Sementara tersangka OS merekrut tiga orang atas nama YF, A dan FEB. A dan FEB menerima perintah mendapatkan uang untuk operasional di lapangan sekaligus membeli bahan yang digunakan merakit bom molotov.
“Masih proses dan didalami dan sudah jelas master mind siapa, layer kedua siapa, kemudian operatornya siapa, mulai perakit dan eksekutor didalami oleh Polda Metro Jaya. Semua sudah tersangka,” ujarnya.
Sementara OS, lanjut Dedi, diketahui merekrut tiga orang lain, yakni YF, AL, dan FEB. Untuk tersangka FEB ditugaskan menerima uang yang digunakan untuk biaya operasional di lapangan, serta membeli bahan-bahan membuat peledak.
“Yang jelas ini sudah jelas master mind siapa, second line-nya siapa, operator di lapangan siapa, mulai dari perakit dan eksekutor. Masih didalami oleh Polda Metro Jaya,” ujarnya.

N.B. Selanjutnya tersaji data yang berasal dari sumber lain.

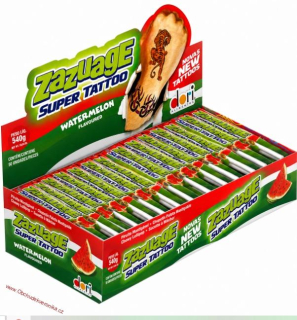 Zazuage Super Tattoo - watermeloun 10g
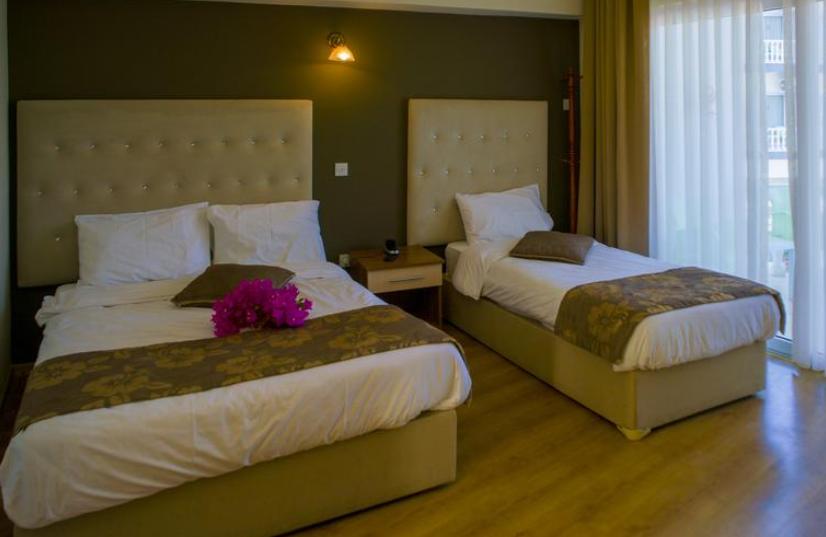 Hotel Sempati Lapithos  Exterior photo
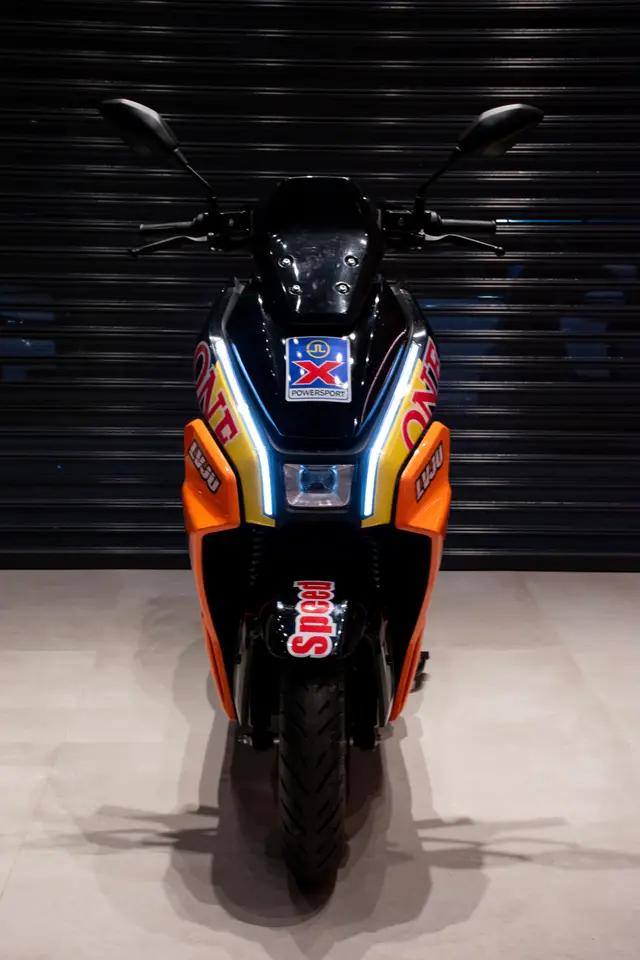Scooter Elétrica X-ONE - foto 2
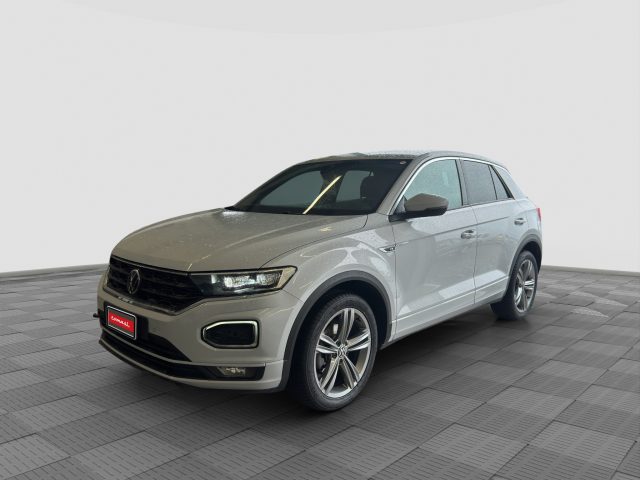 VOLKSWAGEN T-Roc usata 0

Atas perbuatannya ke-10 tersangka dijerat pasal berlapis, Pasal 169 KUHP dan Pasal 1 ayat (1) UU Darurat Nomor 12 Tahun 1951.
“Undang-Undang Darurat, KUHP [pasal] 169. Ada beberapa pasal yang diterapkan di sini sesuai dengan perbuatan masing-masing di sini cukup banyak. Baik pasal terkait menyangkut masalah UU Darurat kepemilikan terhadap bahan peledak,” jelas Dedi.
Sebelumnya polisi menangkap AB pada Sabtu 28 September 2019 lalu di Jalan Maulana Hasanudin, Kecamatan Cipondoh, Tangerang Kota, Banten. Kabid Humas Polda Metro Jaya Komisaris Besar Polisi Argo Yuwono mengatakan AB diamankan karena menyimpan 28 bom molotov di kediamannya. (eddysantry)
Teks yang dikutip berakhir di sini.